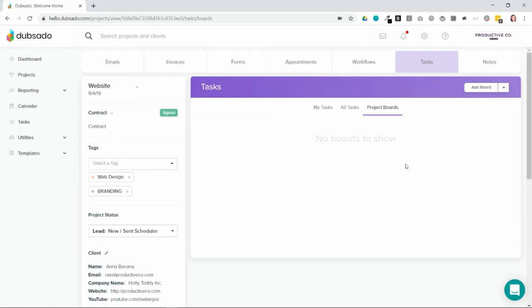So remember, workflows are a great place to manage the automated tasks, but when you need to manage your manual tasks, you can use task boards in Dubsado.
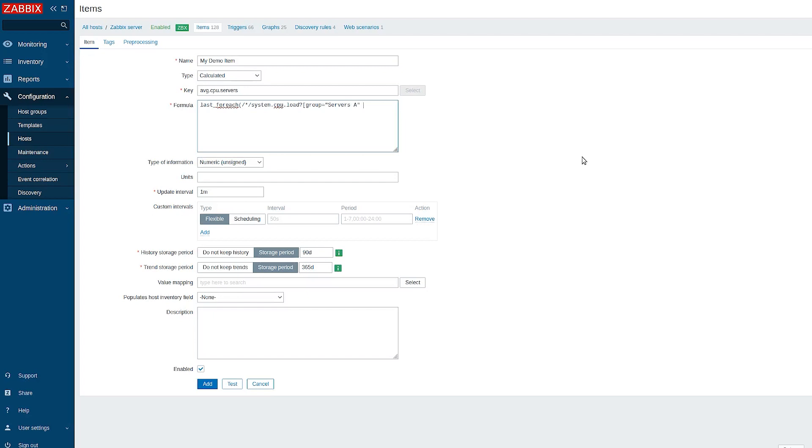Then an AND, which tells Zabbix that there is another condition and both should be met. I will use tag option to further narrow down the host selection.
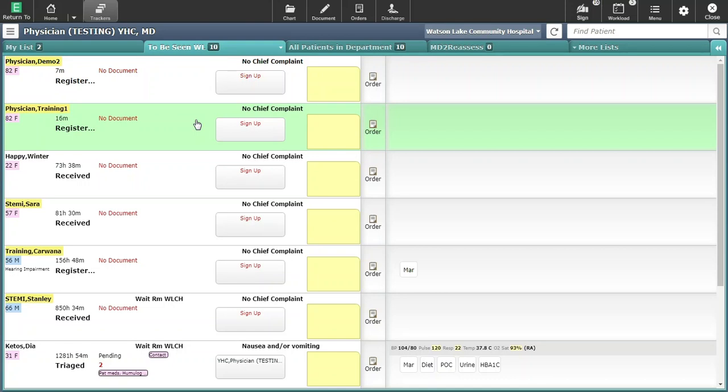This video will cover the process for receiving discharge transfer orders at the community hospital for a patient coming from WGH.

== Work instruction ==
Reproduce the material above in full and without alteration, but skip all pictures.

== Result below ==
So remember, workflows are a great place to manage the automated tasks, but when you need to manage your manual tasks, you can use task boards in Dubsado.
Then an AND, which tells Zabbix that there is another condition and both should be met. I will use tag option to further narrow down the host selection.
This video will cover the process for receiving discharge transfer orders at the community hospital for a patient coming from WGH.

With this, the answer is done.